WOODSIDE, Calif. (AP) -- On a steep south-facing slope in Woodside, one of the last working farms on the east side of San Mateo County's coastal range is about to pull up stakes.
Like farmers in general, the main farmer here, David Blume, is apprehensive about forces beyond his control. He sees his predicament as another example of rising real estate prices driving out the last vestiges of a time when the county was in touch with its roots.
''Something is amiss when we can't keep farms close to the city,'' Blume said as he bent down to admire a particularly nice row of newly planted beans. ''There is basically a spiritual component there that is lacking when the source of sustenance is not within your viewshed. It leads kids to thinking, for example, that milk comes from factories. Everything is abstract, computer-generated, now.''
The focus of Blume's affection is called Our Farm, a ''community-supported agriculture'' project. Such enterprises hark back to farming styles practiced for hundreds of years in Europe and Japan, but they are relatively new in a nation dominated by corporate farms. The nonprofit operation produces organically grown vegetables and fruits, many of them hard to find, for ''sharers'' -- customers from around the Bay Area who pay up front.
A few weeks ago, Blume said, he received notice from his landlady that rent for the two-acre parcel was going up and that maybe he should move on. He pays $1,800 a month -- a bargain in Woodside, especially considering that the plot includes a house on the land where Blume and three interns live. He expects the property could be rented for as much as $4,000 a month, probably by people who want to board horses.
''The irony is that after eight years here,this is finally the year we got everything together and the soil is at its peak. And now it's time to go,'' said Blume, 45, as he watched several interns harvesting the week's crop. ''It's another tale of gloom from Silicon Valley.''
If you talk to the amiable Blume for more than five minutes, however, you learn that Our Farm is about a lot more than just growing tasty food on a slope in Woodside. It almost borders on a crusade to educate people about the importance of small farms and the value of being connected to the land.
So being told to disconnect comes as somewhat of a shock, he said, even though he knew it probably would all come to an end some day.
Community-supported agriculture operations sell directly to fresh-food addicts. Our Farm's customers pay a monthly fee for their veggies -- all of them pesticide-free and varied according to the season -- and then pick it up at the farm or at weekly distribution points in San Francisco and the East Bay.
Our Farm's customers pay between $21 and $29 a week, depending on how much food they order, and receive their produce at or near the cost of production, Blume said.
During the year, Our Farm grows at least 45 kinds of fruits and vegetables.
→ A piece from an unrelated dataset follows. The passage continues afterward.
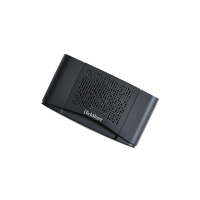Беспроводная система показа презентаций Barco ClickShare CS-100 Huddle
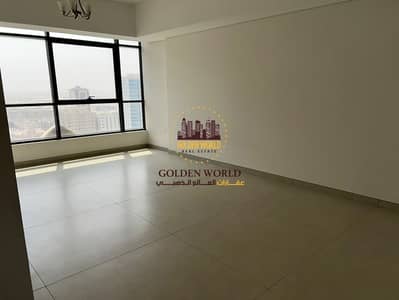 Appartement de 2 chambres à à louer à Al Qasimia, Sharjah - WhatsApp Image 2026-09-07 at 4.23. 50 PM (1). jpeg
The underlying philosophy of Our Farm is ''permaculture'' -- a name that combines the words permanent and agriculture -- whose aim is to integrate plants, animals, landscapes, structures and humans into symbiotic systems, where the products of one serve the needs of another.
A permaculture design, Blume said, teaches you to understand and mirror the patterns found in healthy natural environments. The idea is to work with nature to create permanent agriculture by incorporating sustainable living skills into daily life.
Blume's landlady, San Diego attorney Gloria McLean, didn't want to discuss the farm's likely demise.
''I believe that it is a matter of his privacy,'' McLean said. ''It is a gorgeous piece of property -- I used to live there. But I have not decided what I will do with the property.''
Blume expects the overall operation to survive because he also oversees a smaller one-acre farm in Los Altos. He is also hopeful that a tentative plan to move to Half Moon Bay will work out.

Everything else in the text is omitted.